Ms Saville Roberts added: “I urge the UK Government and Welsh Government to work together to make the best use of these opportunities to bring net zero, social and economic benefits to the communities of north Wales.”

Opposing the move, the leader of the Green Party in Wales, Anthony Slaughter, said: "A new nuclear power station at Wylfa would be nothing but an expensive distraction and in no way an answer to the energy crisis and the climate emergency."

He added: "We need to be reaching net zero as a matter of urgency, even by the mostoptimistic and highly unlikely timetable new nuclear would take a decadeto be up and running."

In response to the recommendation, a spokesperson from the Department for Energy Security and Net Zero said: "We welcome this report and share their ambitions for nuclear power in the UK."

They added: “Wylfa is a candidate for new nuclear, and one of several potential sites that could host civil nuclear projects. We will consult later this year on a proposed way forward for determining how new nuclear developments might be located, including the potential for SMR [Small Modular Reactors] and other advanced nuclear technologies.”

Analysis from ITV Wales' Political Correspondent Adrian Masters:

The story of plans to build a new nuclear power station on Anglesey is long and full of controversy, failures and false dawns.

It was in 2009 that the then Labour UK Government gave the go-ahead to new nuclear projects and 2010 when it was agreed that Wylfa would be one of the sites. 

As the long-standing base of a nuclear power station that was in the process of being decommissioned, it had the advantage of support from sections of politicians and the public both on the island and elsewhere in Wales. 

Plaid Cymru's Westminster leader Liz Saville Roberts is amongst those pushing for the move.
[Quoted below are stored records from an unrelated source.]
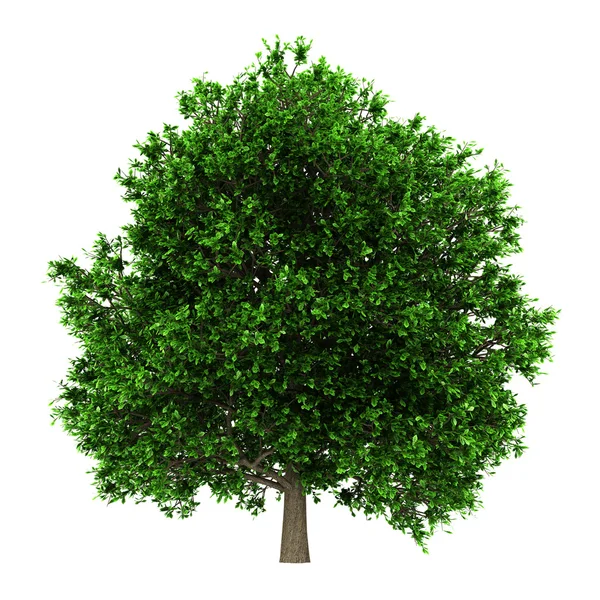 Pedunculate oak tree isolated on white background — Stock Photo, Image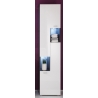 Vannitoakapp TETIS valge / hall, 40x30xH182 cm LED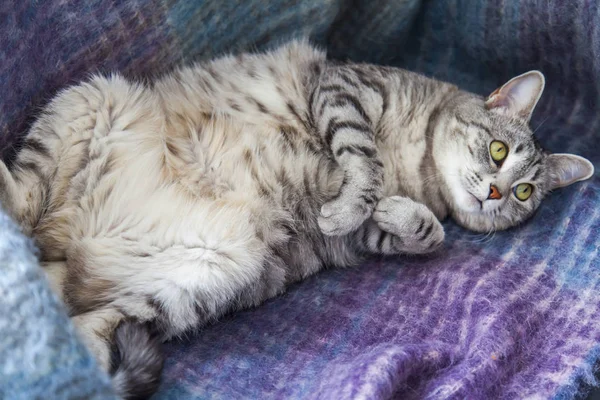 Hermoso Gato Gris — Foto de Stock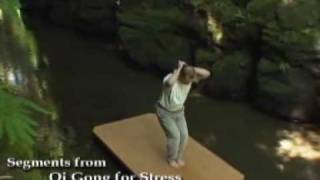 Qi Gong for Stress with Lee Holden [upl. by Mcgruter]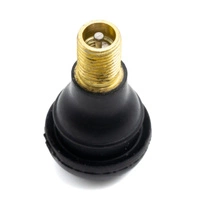 Conversione valvola aria Tubeless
Credit: PA

That was the case even when Plaid Cymru was officially opposed to new nuclear power stations, and when senior figures in Welsh Labour were split over whether to support it.

There was well-organised public opposition too, co-ordinated by People Against Wylfa-B (PAWB).
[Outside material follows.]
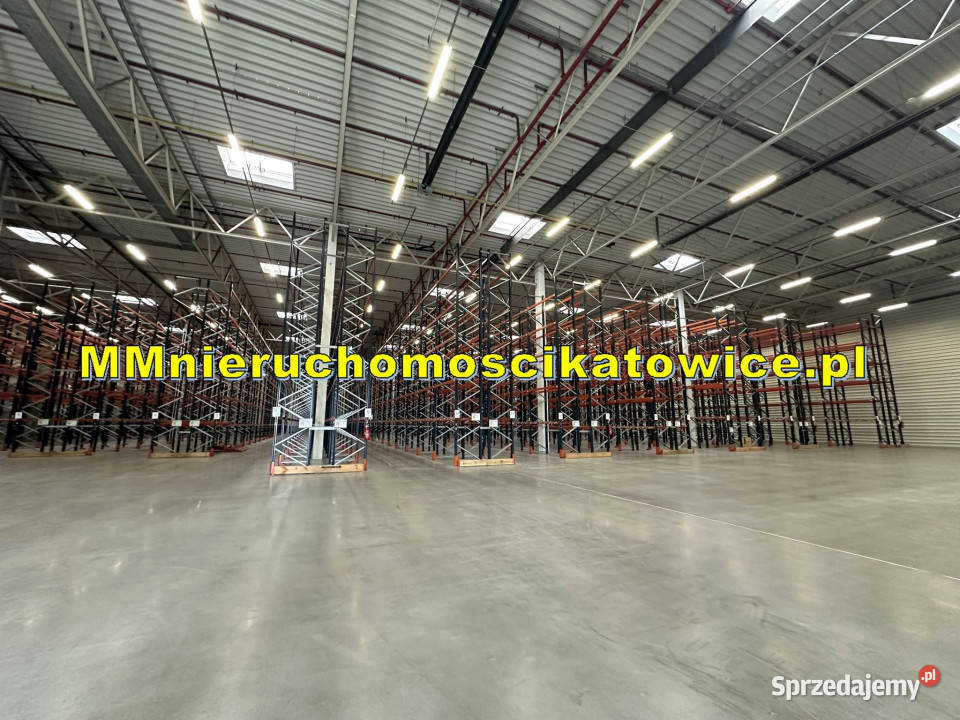 Hala ogrzewana do wynajęcia Katowice DTŚ winda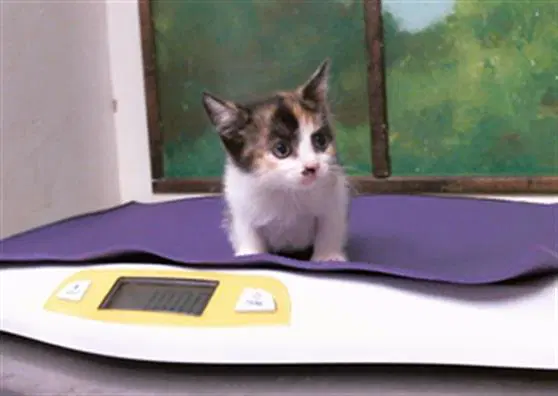 Unknown - Domestic Short Hair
The Japanese firm Hitachi won the bidding to develop the site but pulled out in 2020 following a dispute over financial backing. 

It’s left the project with an uncertain future despite repeated promises from former Prime Minister Boris Johnson who said that he wanted to "get going on Wylfa in the next couple of years.”

More recently, Rishi Sunak told BBC Wales that Wylfa is a “fantastic site,” hinting that it could be named a preferred location for a new nuclear power station. 

But the fact is that 13 years on from the first time the project was given the go-ahead, it remains no closer to becoming a reality.